→ ASSIGNED TASK: Because the pictures are not wanted, reproduce the rest of the records below exactly as they stand.

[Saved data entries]
Segment Open

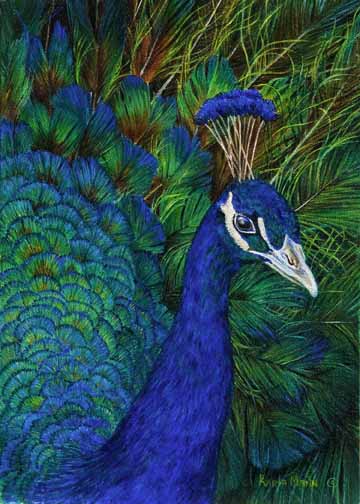 KM – Peacock © Karla Mann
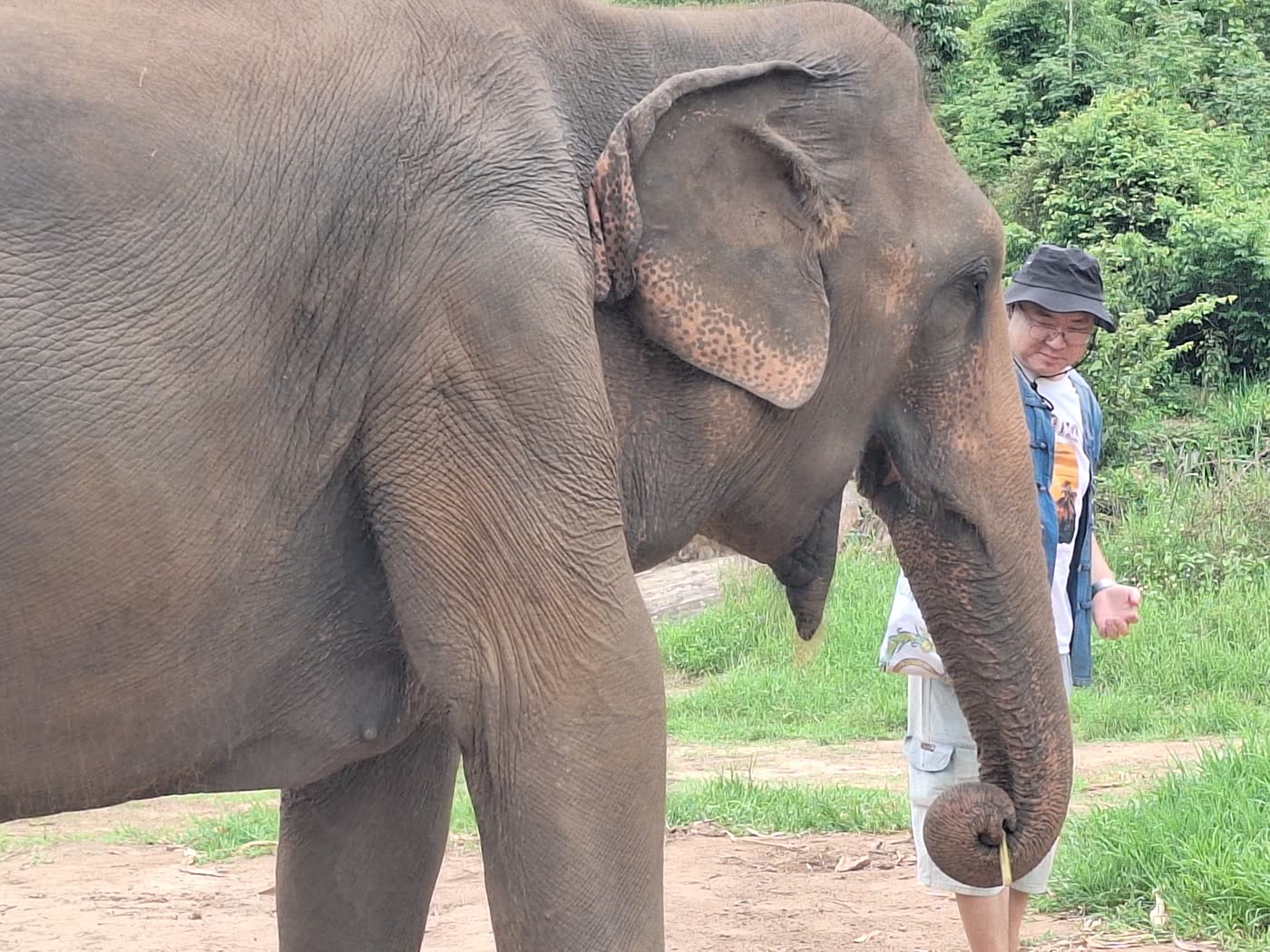 Visitors hiking through dense jungle alongside elephant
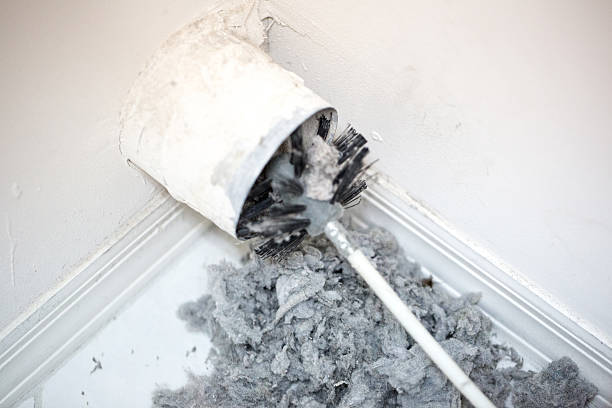 Best Ventilation Cleaning Services  in Weidman, MI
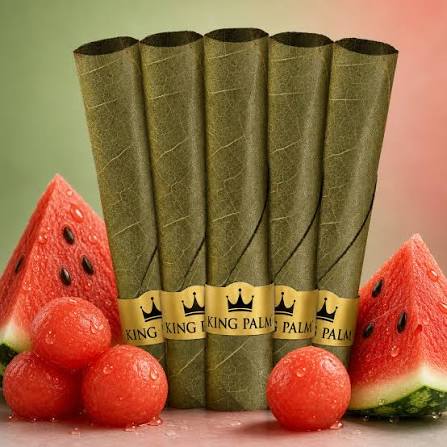King Palm ROLL - Watermelon Wave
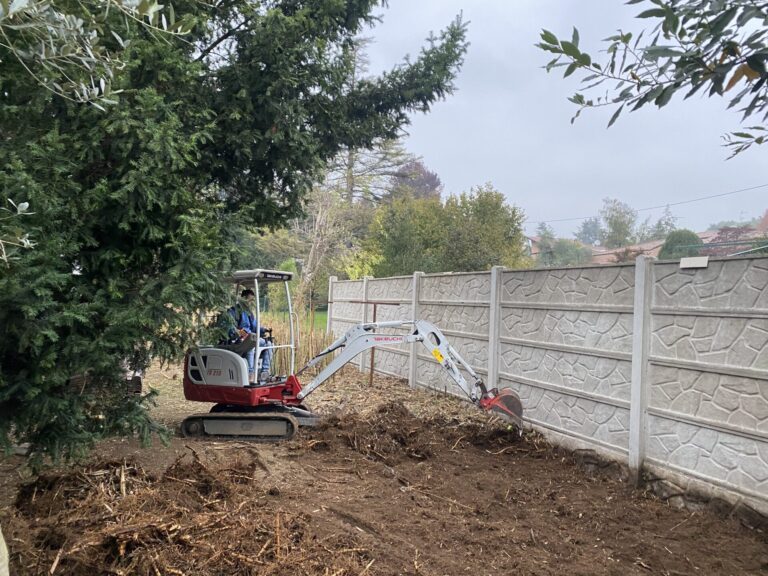 Rimozione bamboo infestanti da giardino privato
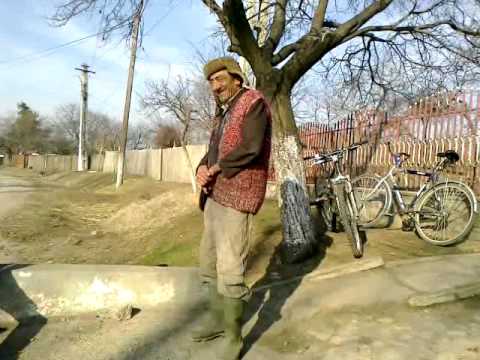 Pangastrin de la Grebanu zis ''Marele Vultur'' !.mp4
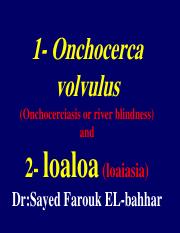 oncocerciasis and loa loa sayed farouk.pdf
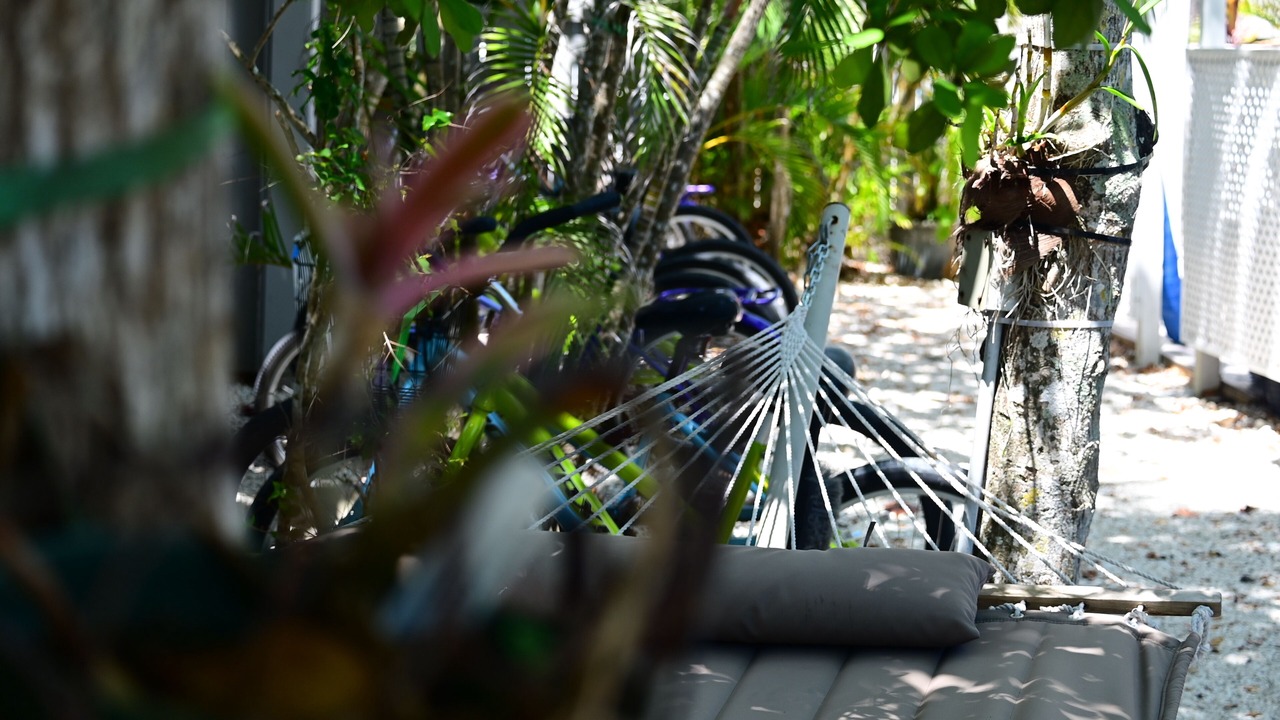 Photo of Outdoor in Sanibel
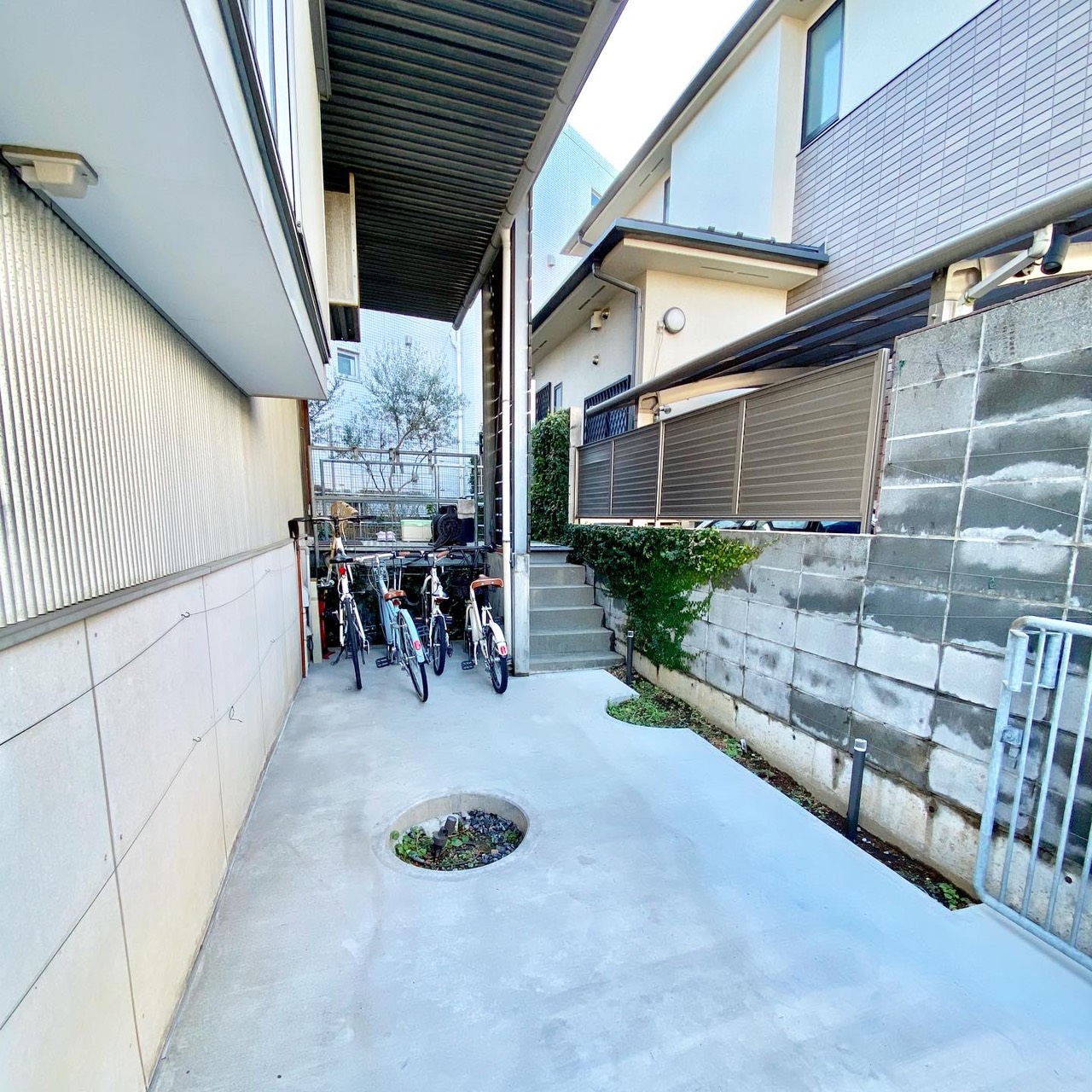 植え桝 土間コンクリート 施工前 植栽工事 目黒区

Segment Closed

→ RESULT OF THE TASK:
 KM – Peacock © Karla Mann
 Visitors hiking through dense jungle alongside elephant
 Best Ventilation Cleaning Services  in Weidman, MI
King Palm ROLL - Watermelon Wave
 Rimozione bamboo infestanti da giardino privato
 Pangastrin de la Grebanu zis ''Marele Vultur'' !.mp4
 oncocerciasis and loa loa sayed farouk.pdf
 Photo of Outdoor in Sanibel
 植え桝 土間コンクリート 施工前 植栽工事 目黒区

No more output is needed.